═════ INFORMATION SUPPLIED ═════

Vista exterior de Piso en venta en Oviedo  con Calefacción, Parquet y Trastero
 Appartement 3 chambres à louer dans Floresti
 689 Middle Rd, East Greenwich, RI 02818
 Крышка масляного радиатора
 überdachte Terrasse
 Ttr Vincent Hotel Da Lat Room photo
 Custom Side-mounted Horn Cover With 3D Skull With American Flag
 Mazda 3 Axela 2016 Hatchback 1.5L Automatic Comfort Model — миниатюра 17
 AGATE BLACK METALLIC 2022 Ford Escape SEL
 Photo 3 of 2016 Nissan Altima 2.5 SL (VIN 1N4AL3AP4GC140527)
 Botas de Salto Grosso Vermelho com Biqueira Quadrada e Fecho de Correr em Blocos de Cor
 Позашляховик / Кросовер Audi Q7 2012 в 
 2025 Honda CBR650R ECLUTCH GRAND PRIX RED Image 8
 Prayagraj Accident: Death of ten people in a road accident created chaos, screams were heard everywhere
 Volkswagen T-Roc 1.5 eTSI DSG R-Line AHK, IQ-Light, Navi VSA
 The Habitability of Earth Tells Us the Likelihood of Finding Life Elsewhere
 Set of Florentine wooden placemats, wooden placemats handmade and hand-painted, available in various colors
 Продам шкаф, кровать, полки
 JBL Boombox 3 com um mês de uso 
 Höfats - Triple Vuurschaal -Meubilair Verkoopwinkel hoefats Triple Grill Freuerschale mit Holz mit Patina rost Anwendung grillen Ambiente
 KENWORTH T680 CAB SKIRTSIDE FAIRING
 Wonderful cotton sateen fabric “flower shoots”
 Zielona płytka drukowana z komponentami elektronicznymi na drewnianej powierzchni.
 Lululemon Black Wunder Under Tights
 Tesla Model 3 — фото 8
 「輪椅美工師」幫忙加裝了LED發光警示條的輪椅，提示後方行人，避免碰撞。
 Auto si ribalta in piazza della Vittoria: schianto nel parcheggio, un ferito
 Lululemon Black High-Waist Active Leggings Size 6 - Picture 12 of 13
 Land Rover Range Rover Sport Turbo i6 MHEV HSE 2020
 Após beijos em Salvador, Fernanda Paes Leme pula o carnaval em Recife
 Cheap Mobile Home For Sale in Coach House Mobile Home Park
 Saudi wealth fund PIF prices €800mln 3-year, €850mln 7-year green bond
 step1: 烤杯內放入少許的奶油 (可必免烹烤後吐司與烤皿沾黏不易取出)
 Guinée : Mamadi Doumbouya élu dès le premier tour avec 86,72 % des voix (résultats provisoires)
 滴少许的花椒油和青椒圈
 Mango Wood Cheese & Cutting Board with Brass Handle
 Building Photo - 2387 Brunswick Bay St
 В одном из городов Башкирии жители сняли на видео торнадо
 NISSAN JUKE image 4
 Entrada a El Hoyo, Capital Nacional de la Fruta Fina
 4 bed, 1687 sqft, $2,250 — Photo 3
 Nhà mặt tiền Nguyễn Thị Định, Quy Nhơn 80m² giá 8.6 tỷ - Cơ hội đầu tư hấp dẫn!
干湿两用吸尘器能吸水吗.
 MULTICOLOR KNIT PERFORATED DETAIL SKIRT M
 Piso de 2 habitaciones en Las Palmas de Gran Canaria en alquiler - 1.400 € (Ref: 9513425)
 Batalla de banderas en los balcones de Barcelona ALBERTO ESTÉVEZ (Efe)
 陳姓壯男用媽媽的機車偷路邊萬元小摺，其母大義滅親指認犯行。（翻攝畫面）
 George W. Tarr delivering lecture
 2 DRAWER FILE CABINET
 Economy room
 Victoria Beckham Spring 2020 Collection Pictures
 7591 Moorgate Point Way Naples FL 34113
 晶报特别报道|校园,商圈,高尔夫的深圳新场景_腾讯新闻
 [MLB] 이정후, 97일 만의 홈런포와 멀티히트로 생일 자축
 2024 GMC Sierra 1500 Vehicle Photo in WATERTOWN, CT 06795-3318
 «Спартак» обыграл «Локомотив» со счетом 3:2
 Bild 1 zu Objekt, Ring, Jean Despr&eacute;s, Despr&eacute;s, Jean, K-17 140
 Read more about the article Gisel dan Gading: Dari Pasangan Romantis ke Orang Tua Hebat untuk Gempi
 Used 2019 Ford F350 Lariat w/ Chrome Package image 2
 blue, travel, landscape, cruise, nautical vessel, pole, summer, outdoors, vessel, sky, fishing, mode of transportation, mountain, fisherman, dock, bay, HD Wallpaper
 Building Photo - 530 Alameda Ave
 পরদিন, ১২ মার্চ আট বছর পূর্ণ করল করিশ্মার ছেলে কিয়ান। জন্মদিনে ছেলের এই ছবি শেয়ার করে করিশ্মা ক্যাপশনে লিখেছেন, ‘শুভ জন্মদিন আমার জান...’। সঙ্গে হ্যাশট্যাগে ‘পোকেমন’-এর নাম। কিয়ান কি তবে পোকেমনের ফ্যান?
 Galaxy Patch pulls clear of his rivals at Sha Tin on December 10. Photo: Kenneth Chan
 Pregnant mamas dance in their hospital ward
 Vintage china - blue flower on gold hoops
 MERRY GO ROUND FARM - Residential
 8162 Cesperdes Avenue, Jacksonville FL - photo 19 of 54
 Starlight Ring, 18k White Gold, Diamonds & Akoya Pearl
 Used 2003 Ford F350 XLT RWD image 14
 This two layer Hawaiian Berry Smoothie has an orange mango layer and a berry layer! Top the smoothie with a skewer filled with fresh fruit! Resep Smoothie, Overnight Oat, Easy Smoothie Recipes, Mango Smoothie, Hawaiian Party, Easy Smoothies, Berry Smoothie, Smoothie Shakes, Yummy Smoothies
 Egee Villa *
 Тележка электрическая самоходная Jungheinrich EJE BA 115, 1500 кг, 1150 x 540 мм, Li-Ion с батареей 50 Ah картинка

═════

## WHAT YOU SHOULD DO
Set down the whole of the material again, exactly.

## YOUR SOLUTION
Vista exterior de Piso en venta en Oviedo  con Calefacción, Parquet y Trastero
 Appartement 3 chambres à louer dans Floresti
 689 Middle Rd, East Greenwich, RI 02818
 Крышка масляного радиатора
 überdachte Terrasse
 Ttr Vincent Hotel Da Lat Room photo
 Custom Side-mounted Horn Cover With 3D Skull With American Flag
 Mazda 3 Axela 2016 Hatchback 1.5L Automatic Comfort Model — миниатюра 17
 AGATE BLACK METALLIC 2022 Ford Escape SEL
 Photo 3 of 2016 Nissan Altima 2.5 SL (VIN 1N4AL3AP4GC140527)
 Botas de Salto Grosso Vermelho com Biqueira Quadrada e Fecho de Correr em Blocos de Cor
 Позашляховик / Кросовер Audi Q7 2012 в 
 2025 Honda CBR650R ECLUTCH GRAND PRIX RED Image 8
 Prayagraj Accident: Death of ten people in a road accident created chaos, screams were heard everywhere
 Volkswagen T-Roc 1.5 eTSI DSG R-Line AHK, IQ-Light, Navi VSA
 The Habitability of Earth Tells Us the Likelihood of Finding Life Elsewhere
 Set of Florentine wooden placemats, wooden placemats handmade and hand-painted, available in various colors
 Продам шкаф, кровать, полки
 JBL Boombox 3 com um mês de uso 
 Höfats - Triple Vuurschaal -Meubilair Verkoopwinkel hoefats Triple Grill Freuerschale mit Holz mit Patina rost Anwendung grillen Ambiente
 KENWORTH T680 CAB SKIRTSIDE FAIRING
 Wonderful cotton sateen fabric “flower shoots”
 Zielona płytka drukowana z komponentami elektronicznymi na drewnianej powierzchni.
 Lululemon Black Wunder Under Tights
 Tesla Model 3 — фото 8
 「輪椅美工師」幫忙加裝了LED發光警示條的輪椅，提示後方行人，避免碰撞。
 Auto si ribalta in piazza della Vittoria: schianto nel parcheggio, un ferito
 Lululemon Black High-Waist Active Leggings Size 6 - Picture 12 of 13
 Land Rover Range Rover Sport Turbo i6 MHEV HSE 2020
 Após beijos em Salvador, Fernanda Paes Leme pula o carnaval em Recife
 Cheap Mobile Home For Sale in Coach House Mobile Home Park
 Saudi wealth fund PIF prices €800mln 3-year, €850mln 7-year green bond
 step1: 烤杯內放入少許的奶油 (可必免烹烤後吐司與烤皿沾黏不易取出)
 Guinée : Mamadi Doumbouya élu dès le premier tour avec 86,72 % des voix (résultats provisoires)
 滴少许的花椒油和青椒圈
 Mango Wood Cheese & Cutting Board with Brass Handle
 Building Photo - 2387 Brunswick Bay St
 В одном из городов Башкирии жители сняли на видео торнадо
 NISSAN JUKE image 4
 Entrada a El Hoyo, Capital Nacional de la Fruta Fina
 4 bed, 1687 sqft, $2,250 — Photo 3
 Nhà mặt tiền Nguyễn Thị Định, Quy Nhơn 80m² giá 8.6 tỷ - Cơ hội đầu tư hấp dẫn!
干湿两用吸尘器能吸水吗.
 MULTICOLOR KNIT PERFORATED DETAIL SKIRT M
 Piso de 2 habitaciones en Las Palmas de Gran Canaria en alquiler - 1.400 € (Ref: 9513425)
 Batalla de banderas en los balcones de Barcelona ALBERTO ESTÉVEZ (Efe)
 陳姓壯男用媽媽的機車偷路邊萬元小摺，其母大義滅親指認犯行。（翻攝畫面）
 George W. Tarr delivering lecture
 2 DRAWER FILE CABINET
 Economy room
 Victoria Beckham Spring 2020 Collection Pictures
 7591 Moorgate Point Way Naples FL 34113
 晶报特别报道|校园,商圈,高尔夫的深圳新场景_腾讯新闻
 [MLB] 이정후, 97일 만의 홈런포와 멀티히트로 생일 자축
 2024 GMC Sierra 1500 Vehicle Photo in WATERTOWN, CT 06795-3318
 «Спартак» обыграл «Локомотив» со счетом 3:2
 Bild 1 zu Objekt, Ring, Jean Despr&eacute;s, Despr&eacute;s, Jean, K-17 140
 Read more about the article Gisel dan Gading: Dari Pasangan Romantis ke Orang Tua Hebat untuk Gempi
 Used 2019 Ford F350 Lariat w/ Chrome Package image 2
 blue, travel, landscape, cruise, nautical vessel, pole, summer, outdoors, vessel, sky, fishing, mode of transportation, mountain, fisherman, dock, bay, HD Wallpaper
 Building Photo - 530 Alameda Ave
 পরদিন, ১২ মার্চ আট বছর পূর্ণ করল করিশ্মার ছেলে কিয়ান। জন্মদিনে ছেলের এই ছবি শেয়ার করে করিশ্মা ক্যাপশনে লিখেছেন, ‘শুভ জন্মদিন আমার জান...’। সঙ্গে হ্যাশট্যাগে ‘পোকেমন’-এর নাম। কিয়ান কি তবে পোকেমনের ফ্যান?
 Galaxy Patch pulls clear of his rivals at Sha Tin on December 10. Photo: Kenneth Chan
 Pregnant mamas dance in their hospital ward
 Vintage china - blue flower on gold hoops
 MERRY GO ROUND FARM - Residential
 8162 Cesperdes Avenue, Jacksonville FL - photo 19 of 54
 Starlight Ring, 18k White Gold, Diamonds & Akoya Pearl
 Used 2003 Ford F350 XLT RWD image 14
 This two layer Hawaiian Berry Smoothie has an orange mango layer and a berry layer! Top the smoothie with a skewer filled with fresh fruit! Resep Smoothie, Overnight Oat, Easy Smoothie Recipes, Mango Smoothie, Hawaiian Party, Easy Smoothies, Berry Smoothie, Smoothie Shakes, Yummy Smoothies
 Egee Villa *
 Тележка электрическая самоходная Jungheinrich EJE BA 115, 1500 кг, 1150 x 540 мм, Li-Ion с батареей 50 Ah картинка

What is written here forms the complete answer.